Recommended by:  Marianne Boeke

Author:  Ray Bradbury

Genre:  Fiction, Science Fiction, Dystopia

175 pages, published October 1953

Reading Format:  Audio Book on Hoopla

 

Summary

Ray Bradbury’s science fiction classic Fahrenheight 451 is set in a dystopian future where books are verboten because the powers that be deem them to make people unhappy.  The main character is Guy Montag, a fireman whose job is to burn books.  After a few interactions with a teenage neighbor named Clarice, Guy comes to realize that something is missing in his life.  As begins to defy society’s rules by keeping books, he becomes a hunted man.

 

Quotes 

“Stuff your eyes with wonder, he said, live as if you’d drop dead in ten seconds. See the world. It’s more fantastic than any dream made or paid for in factories.”

 

“Everyone must leave something behind when he dies, my grandfather said. A child or a book or a painting or a house or a wall built or a pair of shoes made. Or a garden planted. Something your hand touched some way so your soul has somewhere to go when you die, and when people look at that tree or that flower you planted, you’re there.

 

It doesn’t matter what you do, he said, so long as you change something from the way it was before you touched it into something that’s like you after you take your hands away.

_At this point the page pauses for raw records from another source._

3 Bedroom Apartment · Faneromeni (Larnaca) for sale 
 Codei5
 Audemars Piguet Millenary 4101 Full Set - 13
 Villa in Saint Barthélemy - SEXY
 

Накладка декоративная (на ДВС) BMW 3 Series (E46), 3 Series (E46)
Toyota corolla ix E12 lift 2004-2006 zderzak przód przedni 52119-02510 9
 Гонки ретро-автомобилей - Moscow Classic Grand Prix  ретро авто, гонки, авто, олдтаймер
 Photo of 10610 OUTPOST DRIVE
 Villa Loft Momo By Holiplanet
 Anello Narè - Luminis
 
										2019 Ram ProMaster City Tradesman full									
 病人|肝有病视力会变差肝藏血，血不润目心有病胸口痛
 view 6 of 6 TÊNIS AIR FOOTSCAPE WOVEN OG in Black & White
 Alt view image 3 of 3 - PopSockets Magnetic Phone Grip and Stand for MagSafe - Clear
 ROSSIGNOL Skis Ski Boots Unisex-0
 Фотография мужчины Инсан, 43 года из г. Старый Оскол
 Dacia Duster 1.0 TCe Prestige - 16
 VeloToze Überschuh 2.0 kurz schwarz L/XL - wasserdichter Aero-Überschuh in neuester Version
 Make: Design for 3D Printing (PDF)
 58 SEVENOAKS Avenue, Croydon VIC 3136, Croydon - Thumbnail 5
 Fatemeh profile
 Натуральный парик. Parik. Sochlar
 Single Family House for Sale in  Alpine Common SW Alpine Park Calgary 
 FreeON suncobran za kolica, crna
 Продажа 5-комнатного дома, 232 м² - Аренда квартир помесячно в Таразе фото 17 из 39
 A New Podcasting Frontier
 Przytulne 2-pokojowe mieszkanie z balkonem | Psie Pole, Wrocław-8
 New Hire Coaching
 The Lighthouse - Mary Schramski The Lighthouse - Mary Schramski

The difference between the man who just cuts lawns and a real gardener is in the touching, he said. The lawn-cutter might just as well not have been there at all; the gardener will be there a lifetime.”

 

“We cannot tell the precise moment when friendship is formed. As in filling a vessel drop by drop, there is at last a drop which makes it run over; so in a series of kindnesses there is at last one which makes the heart run over.”

 

“There must be something in books, something we can’t imagine, to make a woman stay in a burning house; there must be something there. You don’t stay for nothing.”

 

“If you hide your ignorance, no one will hit you and you’ll never learn.”

 

“The books are to remind us what asses and fool we are. They’re Caeser’s praetorian guard, whispering as the parade roars down the avenue, “Remember, Caeser, thou art mortal.” Most of us can’t rush around, talking to everyone, know all the cities of the world, we haven’t time, money or that many friends. The things you’re looking for, Montag, are in the world, but the only way the average chap will ever see ninety-nine per cent of them is in a book. Don’t ask for guarantees. And don’t look to be saved in any one thing, person, machine, or library. Do your own bit of saving, and if you drown, at least die knowing you were headed for shore.”

 

“It doesn’t matter what you do…so long as you change something from the way it was before you touched it into something that’s like you after you take your hands away.”

 

“And when he died, I suddenly realized I wasn’t crying for him at all, but for the things he did. I cried because he would never do them again, he would never carve another piece of wood or help us raise doves and pigeons in the backyard or play the violin the way he did, or tell us jokes the way he did. He was part of us and when he died, all the actions stopped dead and there was no one to do them the way he did. He was individual. He was an important man. I’ve never gotten over his death. Often I think what wonderful carvings never came to birth because he died. How many jokes are missing from the world, and how many homing pigeons untouched by his hands? He shaped the world. He did things to the world. The world was bankrupted of ten million fine actions the night he passed on.”

 

My Take

I first read Fahrenheight 451 in high school.  I enjoyed it then, but think I liked it even better on the second reading more than 35 years later.  As an avid reader, it is hard for me to imagine a world without books.  They enrich my life deeply and make me think about ideas in whole new ways.  That is the point Bradbury is trying to make.  Without exposure to ideas both old and new (with books as the premier transmission form), we are destined for a life of mediocrity and banality.